Все это она рассказала мне в августе.

Мы встретились случайно на Невском и долго гуляли по городу. Она много чего мне выложила в тот раз. Как бродила летом одна по берегу Черного моря с хипповской сумкой из старого мешка. Как крутила роман с красавцем греком, загорели зверем, главарем местной шпаны, и просила его подарить или продать пистолет. Как однажды ее изнасиловали в один день (точнее, ночь) целых два раза. Во второй раз это был мужик средних лет, невзрачный и тихий, обнаруживший ее заблудившейся на темной улице, и она не могла сопротивляться, так как была здорово пьяна, но все-все соображала и расспрашивала его, есть ли у него дети, — да, сын и дочка, — а каково ему было бы, если б его дочку… он ее любит? — да, он очень любит своих детей, но и ей, в общем-то, не хочет ничего плохого…

Она продержалась потом меньше трех месяцев.

Переехала ко мне и развесила по стенам свои жуткие картинки, что висели в её комнатухе, хоть я и был против. На одной из них огромный, распластанный по земле циклоп с вытаращенным глазом взирал на три хрупкие, сжатые, в его кулаке женские фигурки. На другой была голова Сидорова, желтая, бритая, лежащая на зеленой тарелке, и рядом вилка. На третьей маленький голый человек обнимал огромную каменную голову Нефертити.

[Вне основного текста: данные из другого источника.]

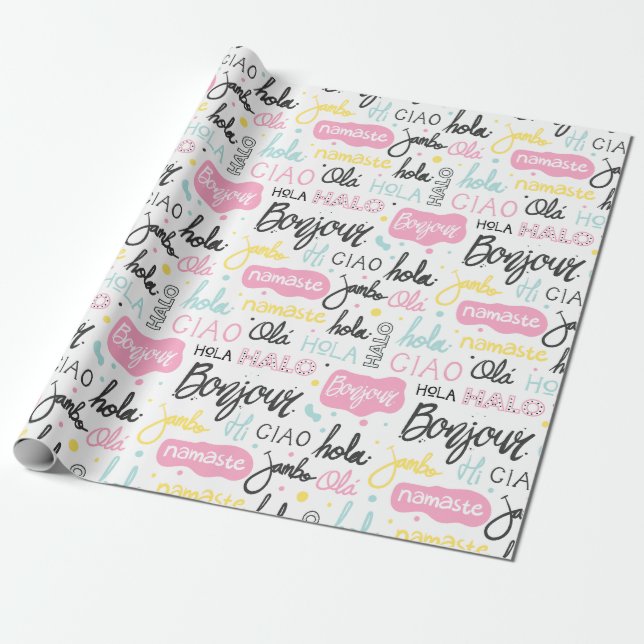 HELLO IN MANY LANGUAGES WRAPPING PAPER (Unrolled)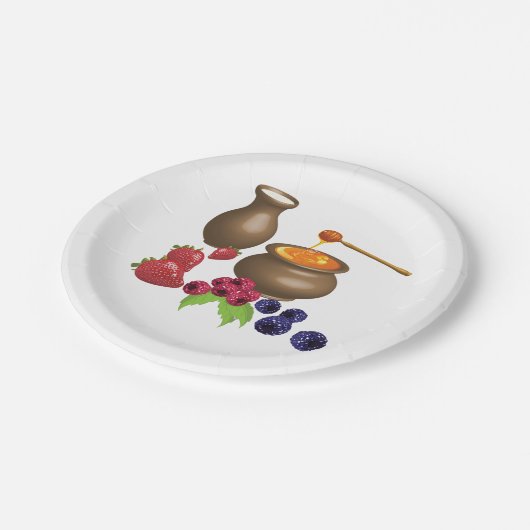 Melk en honing met bessen rustiek eten papieren bordje (Gekanteld)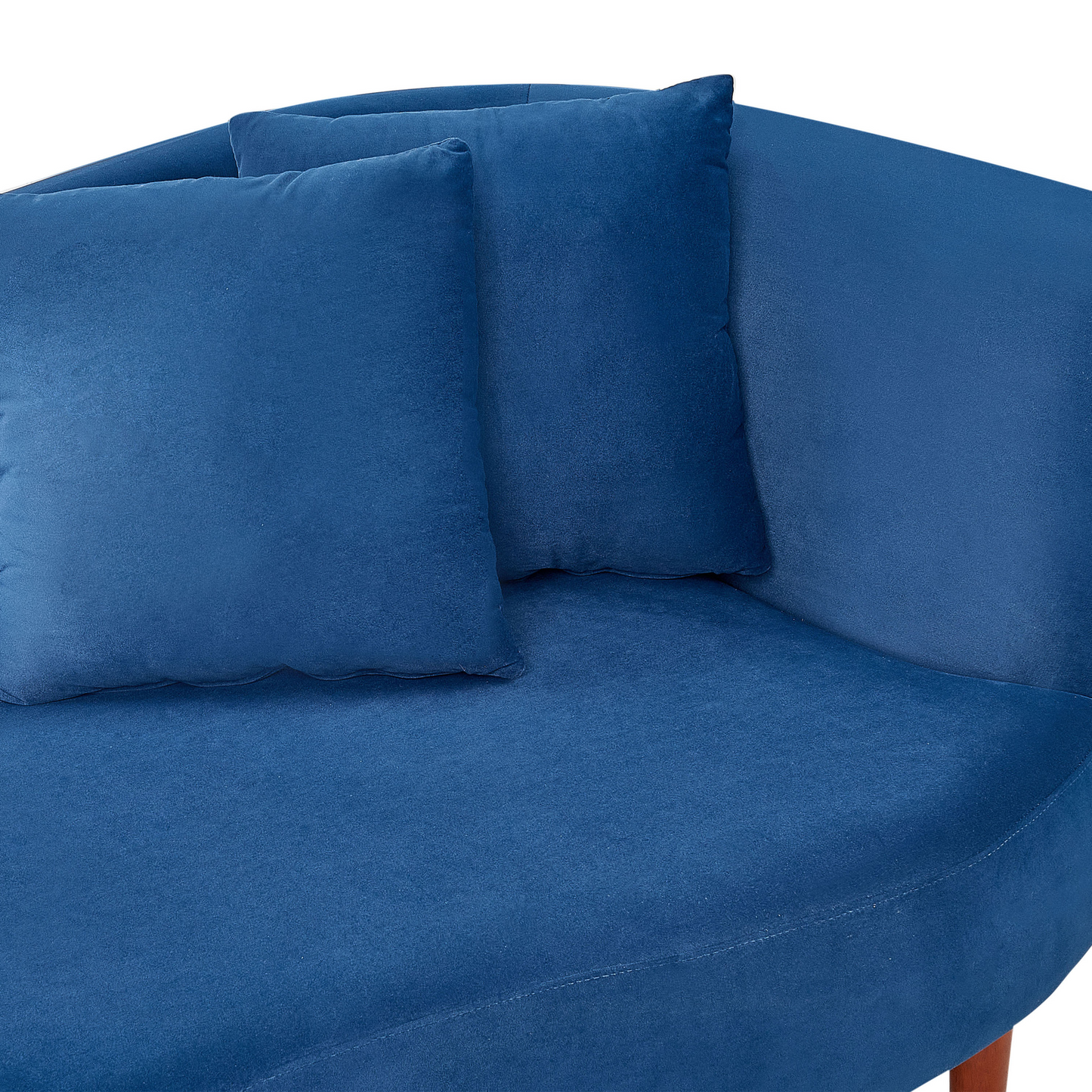 Chaiselongue Samtstoff blau rechtsseitig CHAUMONT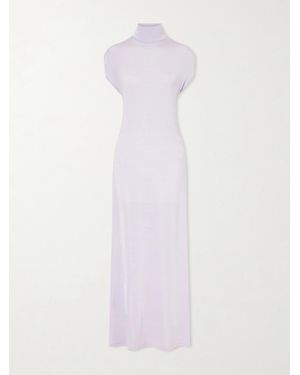 Colleen Allen Open-Back Jersey Turtleneck Gown - Pink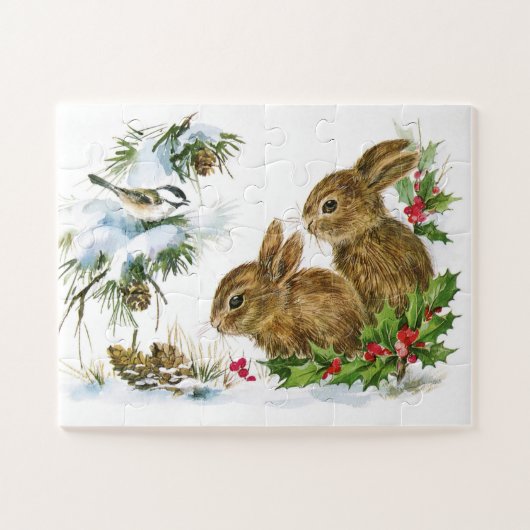 Puzzle Lapins mésanges Noël Holly Xmas (Horizontal)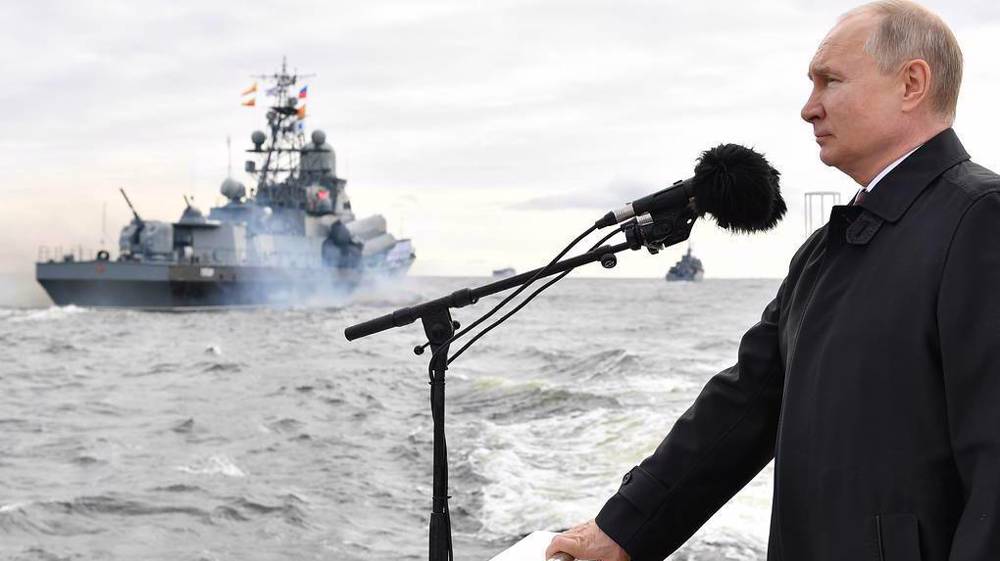Russia's Putin observes Navy Day parade in St. Petersburg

Рисовала она слабо, техникой не владела, но образы, надо сказать, впечатляли.

Еще очень много писала.

Из института ее исключили за непосещаемость. Она почти никуда не выбиралась из дома. Даже по магазинам ходил я. Когда я возвращался со службы, она писала, лежа на тахте, или просто смотрела в стенку, почти не реагируя на мой приход.